Minimize-deep-coalescences analyses:
Overlaying the majority-rule consensus gene trees from the Bayesian tree searches on the three possible species trees resulted in three different deep coalescent costs for each gene—one cost for each species tree (Table 4). For four locus-specific gene trees (AETC, Rho1, TGFβ2, and Tropo6) the fewest number of deep coalescent events were observed when the species topology united P. amoena and P. cyanea as sister species. The fewest deep coalescent events for one locus (MC1R) occurred when P. amoena and P. caerulea were sister species, and the P. cyanea/P. caerulea sister species tree contained the fewest deep coalescences when overlaid with the ODC and MPLPR gene trees.
Summing the number of deep coalescent events needed to fit the gene trees into the species tree across loci produced a total cost of 42 for the P. amoena/P. cyanea sister species tree (Table 4). Fitting the gene trees into the other two species trees required more deep coalescences: 46 for the P. amoena/P. caerulea tree and 45 for the P. cyanea/P. caerulea tree.

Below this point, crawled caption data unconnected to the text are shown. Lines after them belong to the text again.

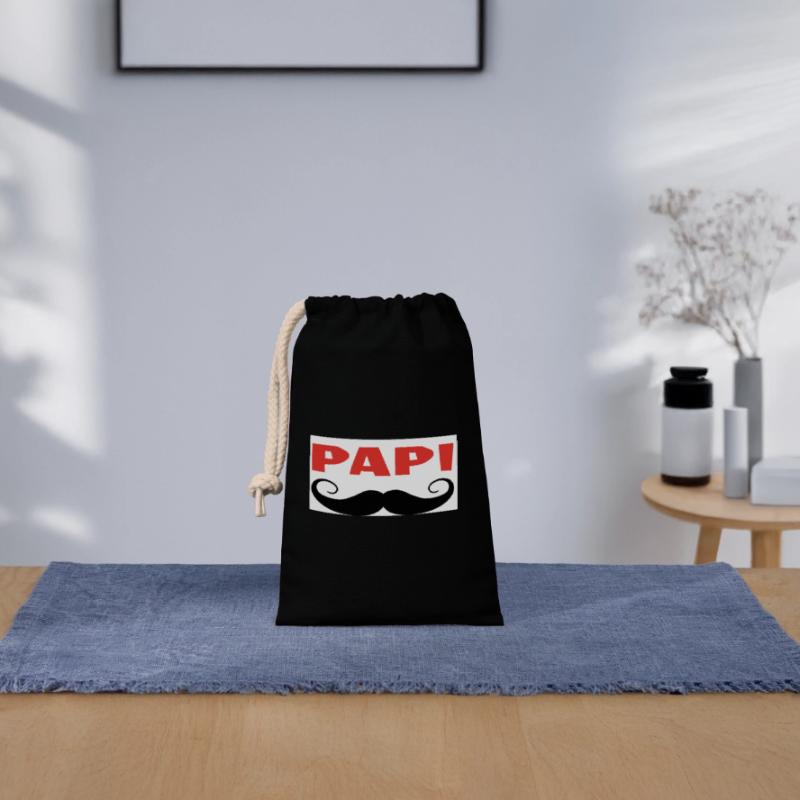 PAPI Sac cadeau en coton avec cordon (14 x 20 cm)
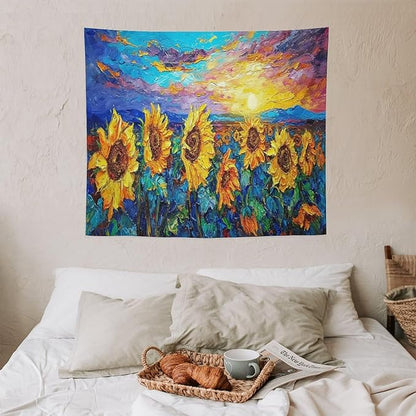 yowecso Sunflower Tapestry Sunset Flower Field Tapestry Wall Hanging for Bedroom Sunflower Tapestries Aesthetic Wall Decor for Home Dorm Living Room 50"x60"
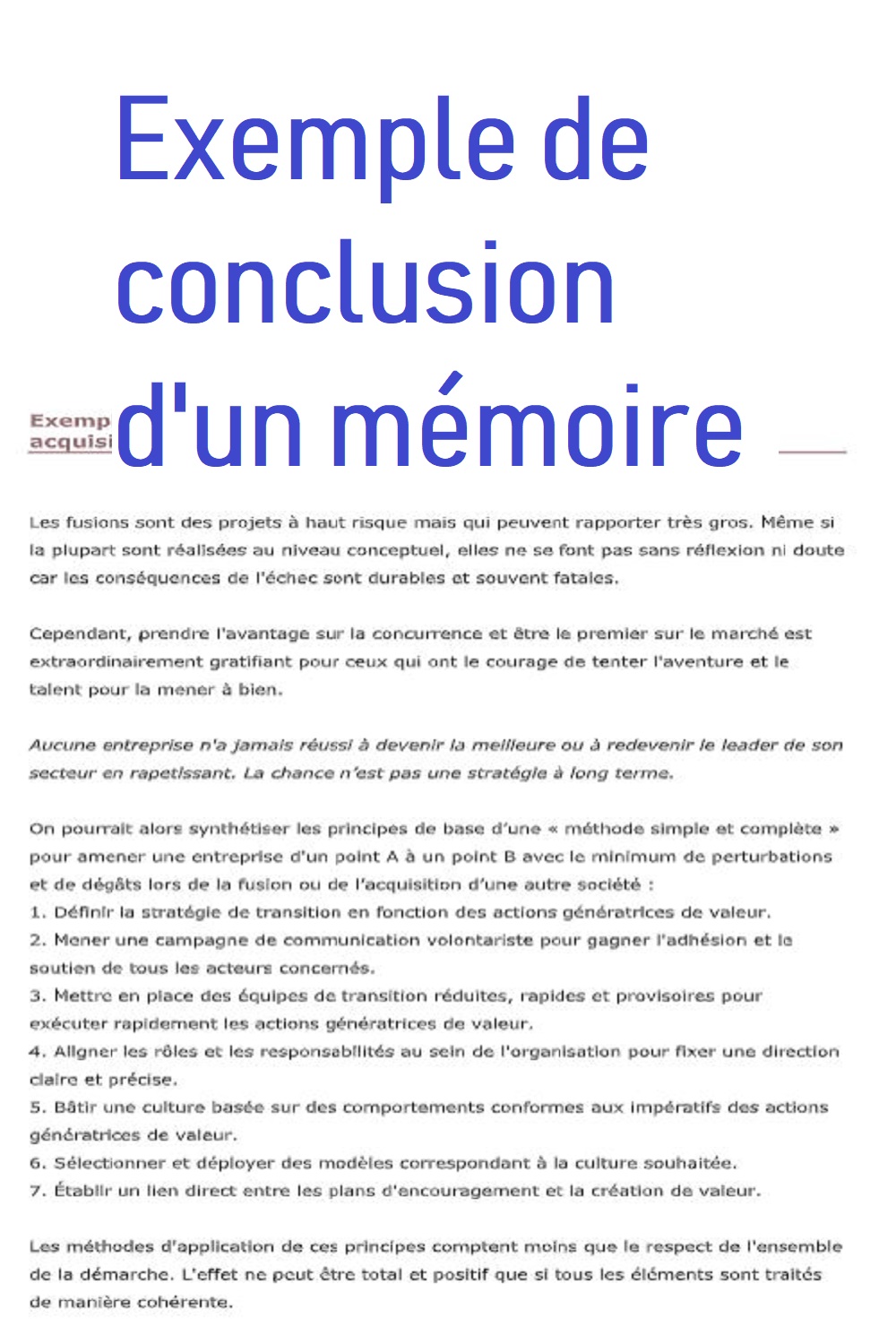 Conclusion mémoire exemple word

Calculating probabilities of gene trees given possible species trees:
After randomly choosing one individual to represent P. amoena, P. cyanea, and P. caerulea, and eliminating Tropo6 from further analyses, 14 ML gene topologies were inferred from phylogenetic tree searches conducted on each locus separately (Table 5). Multiple gene trees with equal likelihoods were inferred from three loci (AETC—three gene trees, βact3—two, and MPLPR—three). Replicate COAL calculations that differed only in the ratio of internal to terminal branch lengths (1:1, 1:2, and 1:10) all gave qualitatively similar results. When terminal branch lengths were longer than internal branch lengths (1:2 and 1:10), 3 of the 14 gene topologies were equally probable whether the given species tree had P. cyanea and P. amoena as sister species or a sister species relationship between P. amoena and P. cyanea (Table 5). Those 3 gene topologies (one of two βact3 gene trees and two of three MPLPR gene trees) were excluded from further analyses, because with respect to these relationships, these topologies are uninformative. Of the remaining 9 ML gene topologies (one of the three equally likely AETC gene trees was chosen at random), 8 were more probable given a species tree uniting P. cyanea and P. amoena as sisters, and 1 was more probable given a P. amoena–P. caerulea species tree (Table 5, test of proportions, nobs = 9, P = 0.05). When the internal:terminal branch length ratio was 1:1, 4 of the 14 gene topologies were equally probable given either species tree and were subsequently eliminated. Seven of the remaining 8 (1 AETC gene tree chosen at random) ML gene topologies were more probable with P. cyanea/P. amoena as sister species (Table 4, test of proportions, nobs = 8, P = 0.1).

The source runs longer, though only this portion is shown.